The new law empowers governors of every U.S. state and territory to designate “Opportunity Zones,” comprised of low-income community census tracts, where certain investments will receive a federal tax benefit. 

{mosads}Opportunity Zones were derived from legislation, first introduced in 2016, called the “Investing in Opportunity Act,” which attracted broad bipartisan support in the House and Senate, but received relatively scant national attention compared to the more high-profile aspects of tax reform. Now, states are racing to implement the new initiative.


The primary goal of Opportunity Zones is to encourage long-term equity investments in struggling communities, many of which have been excluded from the benefits of the national economic expansion in recent years. The recent stock market boom and prolonged period of record corporate profitability have resulted in a massive stockpile of unrealized capital gains wealth — over $6 trillion in corporate and individual holdings as of the end of 2017, according to our analysis of Federal Reserve data.

Because of Opportunity Zones, investors are now incentivized to reinvest those dollars into capital-starved, low-income communities. And, because investors are exclusively using their own capital without any up-front subsidy, there is no cap on how much capital can be put to work rebuilding communities. It is a nationally scalable incentive.

The Opportunity Zones concept is premised on the need for an economic development tool that is flexible enough to finance a broad spectrum of needs in a wide array of places — small towns and urban cores alike. After all, no two low-income communities have the same set of needs.

Previous efforts to spur investment in struggling areas were too often limited by a narrow use case or an overly prescriptive, top-down approach that left no room for local experimentation. 

In contrast, the Opportunity Zones incentive was designed with the flexibility to ensure that communities can pursue the best possible mix of investments in new and expanding businesses, infrastructure and energy projects, commercial real estate, affordable housing, and more.

Still, state and local leadership is essential for Opportunity Zones to reach their potential. So how can mayors and governors, whose own budgets are stretched thin, maximize the impact of this incentive and ensure it succeeds where other well-intentioned programs have failed? Here are a few guiding principles mayors and governors should keep in mind:

Be strategic: Private investment is a critical ingredient in the success of any local economy. But capital alone is not a strategy, and it takes more than simply designating a struggling community as an Opportunity Zone to ensure real, sustainable progress is made. That’s where state and local leadership comes in.

What other policies are needed to help communities thrive? Are local zoning, permitting, and licensing creating barriers to growth and mobility? Are workforce development programs aligned to support the new companies and projects taking root in the zones?

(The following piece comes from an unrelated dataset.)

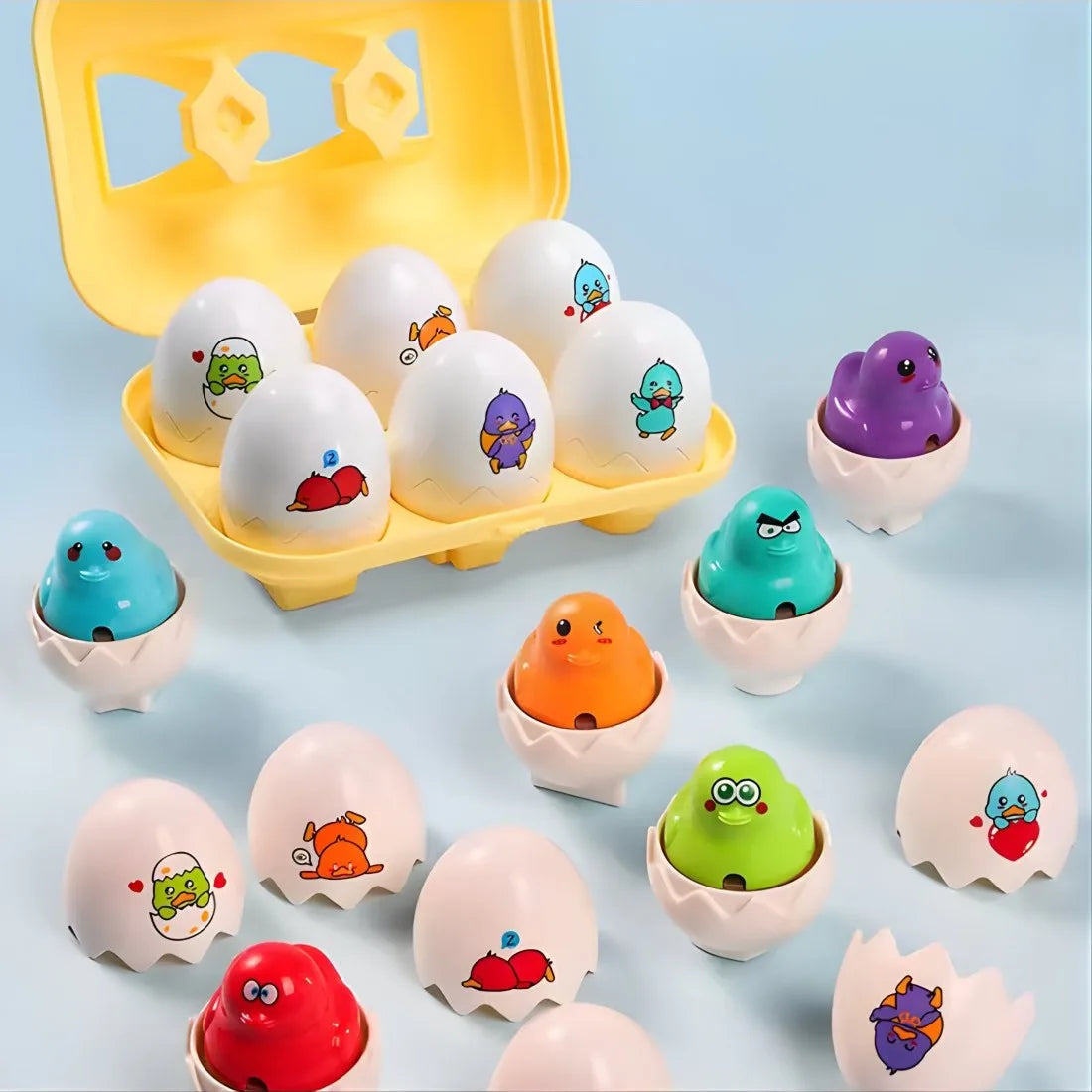 Set complet Woopie cu 6 ouă cu puișori, cutie galbenă și puișori colorați pe fundal albastru.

Leaders should treat Opportunity Zones designations as the first step in a holistic policy reform effort. And every governor should designate a senior official as the point person for Opportunity Zones in his or her state to ensure strong accountability and coordination of resources.

Focus on entrepreneurship: The best way to build a stable economy with broad access to opportunity is to foster a thriving entrepreneurial ecosystem. Research by the Kauffman Foundation and others shows that new businesses account for the vast majority of net job growth each year. The birth of new businesses sets off a chain reaction in the economy that boosts competition, innovation, and productivity. 

Unfortunately, the U.S. is experiencing severely depressed rates of entrepreneurship in the wake of the Great Recession, and low-income areas have been hit especially hard by this trend. That is why local leaders should be especially focused on prioritizing startups in their Opportunity Zone development strategies. 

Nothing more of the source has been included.